Yishai Schlissel, who stabbed six people at the annual Jerusalem pride parade July 30, 2015, is seen at the Jerusalem Magistrates' Court on July 31. (Yonatan Sindel/Flash90)

Yishai Schlissel, who stabbed six people at the annual Jerusalem pride parade July 30, 2015, is seen at the Jerusalem Magistrates’ Court on July 31. (Yonatan Sindel/Flash90)

An ultra-Orthodox Jew recently released from prison after stabbing three people at a gay pride parade in Jerusalem in 2005 has struck the same event again, stabbing six participants as they marched on Thursday.

The Jerusalem Post reports two people, including a 17-year-old girl, were seriously injured in the attack by Yishai Schlissel of Modi’in Illit, who was released from prison after serving most of a 12-year sentence for a similar attack at the 2005 Jerusalem Gay Pride parade.

On Thursday, thousands of people were marching joyously down Keren Hayesod Street after beginning the parade in Independence Park when Schlissel lunged into the crowd, ferociously stabbing his victims before being tackled by police.

“I saw an ultra-Orthodox man stabbing everyone in his way,” witness Shai Aviyor told Israel’s Channel 2. “We heard people screaming, everyone ran for cover, and there were bloodied people on the ground.”

“We were near the front and I started seeing a lot of people running,” Yasmin Yusupov, 20, told BBC Newsbeat. “We were near the front and I started seeing a lot of people running. We didn’t realize what happened but I was pulling the friends who were with me to run away. My heart was racing really fast.

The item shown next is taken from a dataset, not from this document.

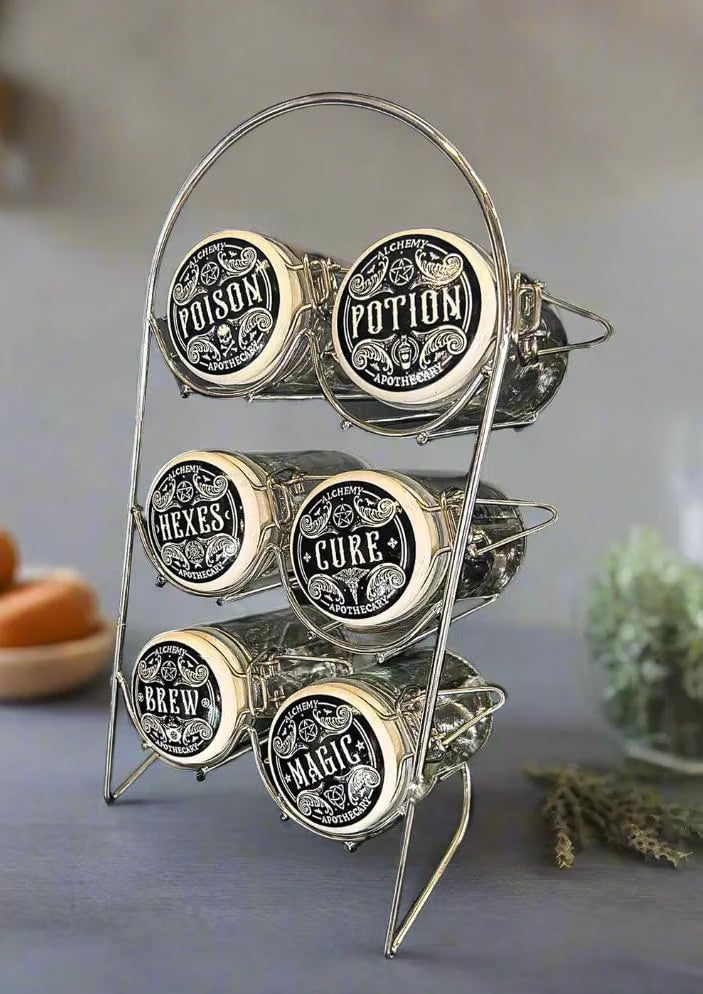 Kitchen Witch Alchemy Apothecary Jar Spice Metal Rack With 6 Glass Jars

I could have been walking a few steps faster and it could have been me or anyone I know.”

Israeli media reported that Schlissel wrote and published a letter last week asserting his obligation of Jews to stop the “parade of sin” at all costs. “It is the obligation of every Jew to keep his soul from punishment and stop this giant desecration of God’s name next Thursday,” Schlissel wrote, according to Ma’ariv. He added that gay pride events keep occurring “because of our enormous sins.”

In an interview with an ultra-Orthodox radio station two weeks ago, Schlissel promised to keep fighting against what he considers an abomination.

“The battle is not over,” he said. “Those unclean people want to continue defiling Jerusalem.”

Asked about the coming parade he added, “To protest is an obligation in my opinion, but it is not enough,” vowing “to disperse them (LGBT people), even by force.”

Jerusalem District Police chief Moshe Edri told reporters that authorities did not know Schlissel was attending the event.

“We were prepared for every scenario, but our perimeter was breached,” Edri said. “This is a severe incident, and we will investigate to find out what caused this breach.”

Israeli Prime Minister Benjamin Netanyahu condemned the attack as “a most serious incident.”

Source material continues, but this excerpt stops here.